Ketika memasuki gelanggang, Lahardo tampak bertelanjang dada dan mengenakan celana hitam. Kepalanya juga mengenakan ikat kepala hitam. Suasana agak mencekam karena arena pertarungan dikelilingi kerangkeng besi serba hitam.
Para penonton bertempik-sorak kegirangan begitu sang singa digiring masuk ke dalam arena. Lahardo mengambil posisi berhadap-hadapan dengan singa itu. Tangannya dikepal ke belakang, tanda menantang.
Di menit-menit awal, singa hanya berjalan memutari setengah arena. Lahardo berusaha memprovokasi dengan gerakan-gerakan yang menganggu. Namun, sang singa masih belum menunjukkan kebuasannya, bahkan terkesan jinak. Penonton pun mulai tak sabar. Teriakan seperti, “pegang pantatnya”, “bekuk lehernya”, hingga umpatan sinis berkali-kali menggema dari tribun penonton. Hingga 90 menit berlalu, pertarungan seru nan berdarah-darah antara Lahardo dan singa tak kunjung tersaji. Pada akhirnya, para penonton harus meninggalkan stadion dengan rasa kecewa.
“100.000 penonton sangat kecewa. Karena kekecewaan itu, para penonton telah menjadi gelisah dan bersorak-sorak yang tidak bisa dikendalikan oleh Panitia Bandot Lahardo Show Yayasan Kertajaya,” diwartakan Harian Kami, 3 September 1968.
Menurut sebagian penonton, singa diduga telah diberi makan sampai kenyang sebelum bertarung sehingga tidak memberi perlawanan sebagaimana mestinya hewan buas. Karena tak bisa menumpahkan kemarahan pada singa, maka Bandot Lahardo-lah yang jadi bulan-bulanan publik. Mereka merasa dikibuli lantaran Lahardo tidak sanggup membuat singa menjadi galak lantas menerkamnya.
“Inilah pertunjukan yang paling mengecewakan saya,” kata seorang penonton yang memboyong seluruh anggota keluarganya, dikutip Duta Masjarakat, 3 September 1968. “Tapi,” katanya menambahkan, “saya sedikit terhibur dapat melihat dari dekat panser-panser yang banyak diparkir di sini.”
Saking kecewanya penonton, sampai ada yang berinisitif untuk menggugat pertunjukan gladiator Bandot Lahardo Show.

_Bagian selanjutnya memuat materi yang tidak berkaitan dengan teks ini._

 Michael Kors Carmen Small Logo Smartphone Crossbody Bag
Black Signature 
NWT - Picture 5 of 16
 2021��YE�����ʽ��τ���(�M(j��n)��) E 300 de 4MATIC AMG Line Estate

Pertunjukan itui dianggap kebohongan publik, khususnya bagi mereka yang telah membeli tiket pertunjukan merasa tertipu dengan penampilan singa loyo. Salah satunya, penonton perempuan bernama Aminah, yang menulis surat pembaca untuk menggugat pertunjukan Bandot Lahardo secara hukum.
“Sayang sekali, pertunjukannya tidak sesuai dengan propagandanya. Saya merasa ditipu mentah-mentah. Sekarang saya bertanya kepada Bapak Redaksi, apakah ada pasal-pasal dalam KUHP kita yang memungkinkan yang bertanggung jawab dalam pelaksanaan pertunjukan ini dapat dituntut ke muka pengadilan,” tulis Aminah dalam surat pembaca yang dimuat harian Nusantara, 4 September 1968.

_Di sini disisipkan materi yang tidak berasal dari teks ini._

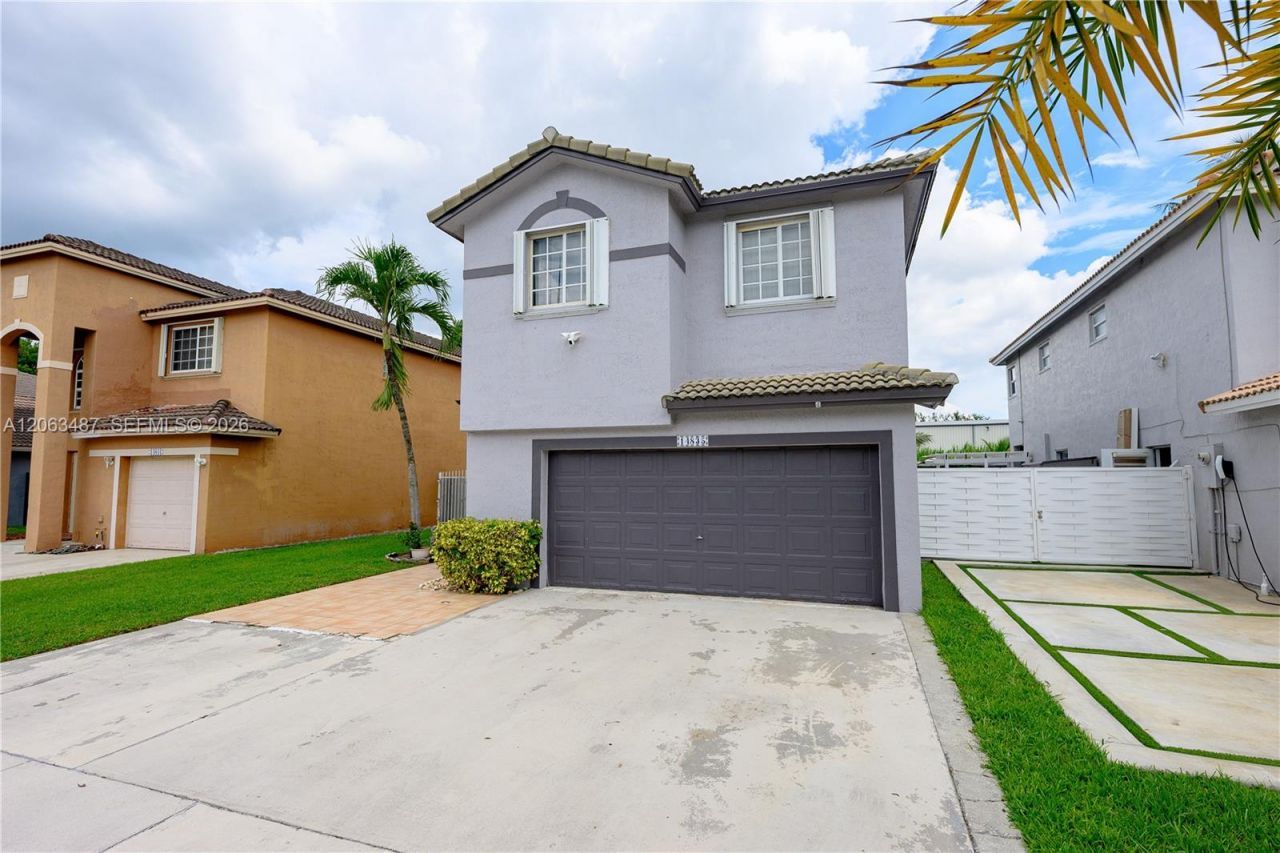 14835 SW 138th Ter, Miami, FL 33196 Photo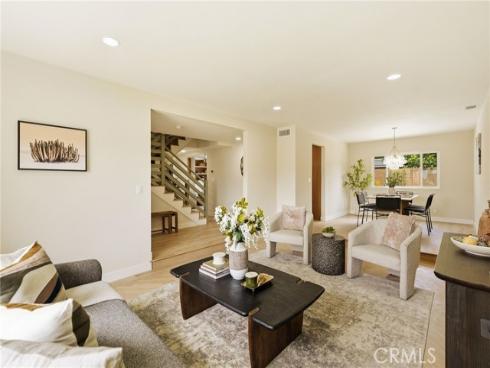 3790 Goldenrod St , Seal Beach, CA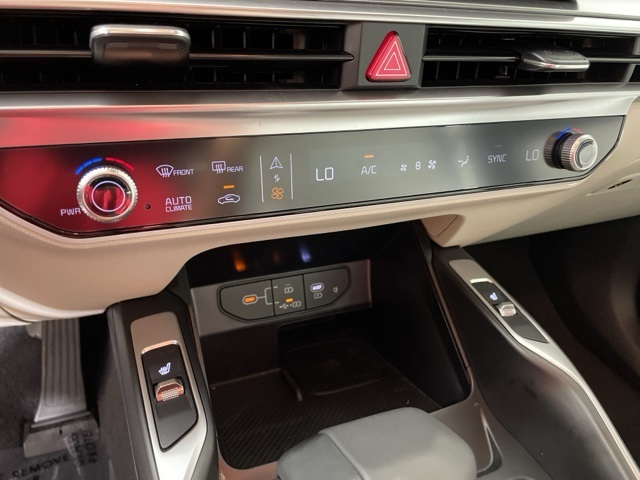 2025 Kia Sorento S photo 29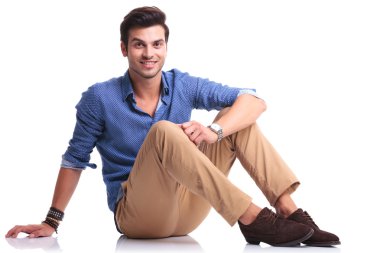 mutlu genç casual adam bırakmasını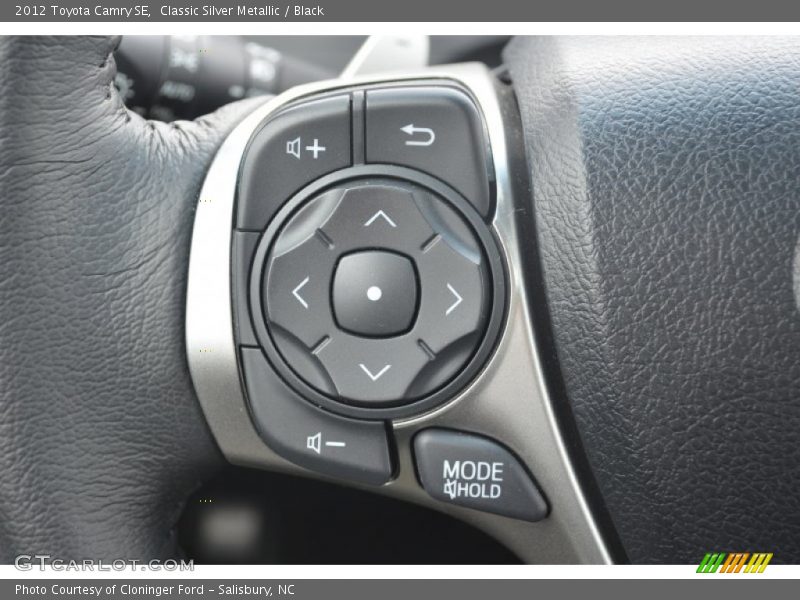 Classic Silver Metallic / Black 2012 Toyota Camry SE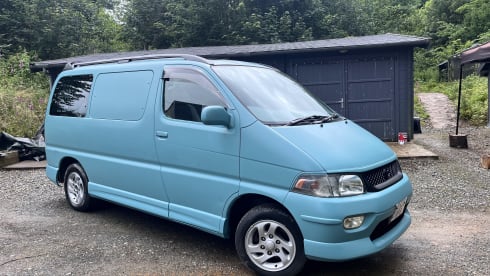Toyota-Wohnmobil mit 2 Schlafplätzen, Baujahr 1999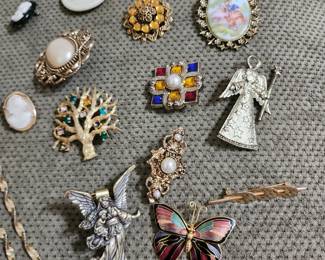 Lots of vintage pins 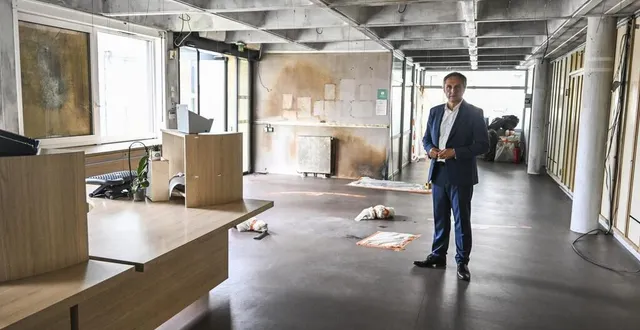 photo  fin juillet, un mois après l’incendie, l’accueil de la mairie de coulaines avait pu être nettoyé. la phase de rénovation va bientôt commencer.  &copy;  archives le maine libre – denis lambert 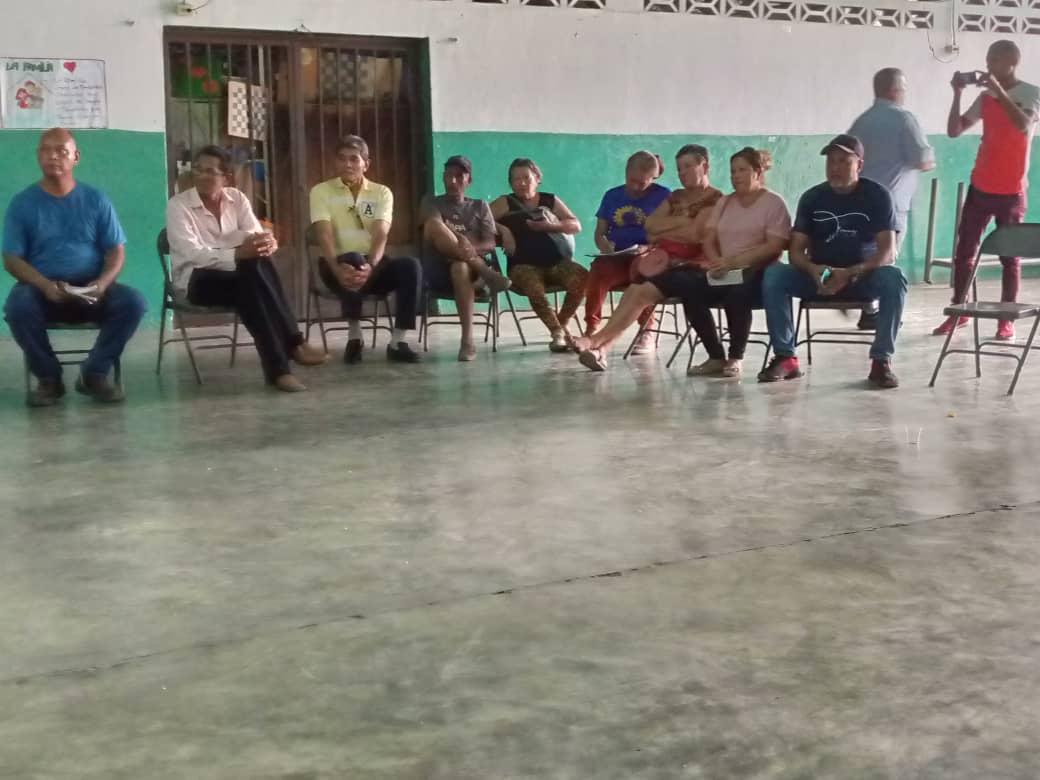 VP_Carabobo's tweet photo. #02Feb El EMA Miguel Peña se reunió en la zona # 2, Comunidad La Bocaina, para la conformación de comandos en el marco de la gran alianza "Gana Venezuela" rumbo a los #600KPorVzla con @MariaCorinaYA @VoluntadPopular https://t.co/6hljNHbgTX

Meski dicecar habis-habisan, Bandot Lahardo tak sampai berurusan dengan hukum. Dia meneruskan kariernya sebagai pegulat yang kerap tampil dalam acara pertunjukan ekstrem sebagai hiburan. Namanya juga sering dilibatkan sebagai pemeran dalam film-film laga Indonesia hingga dekade 1980-an. Sementara itu, pertunjukan gladiatornya yang menghebohkan di Senayan jadi memori yang dilupakan begitu saja.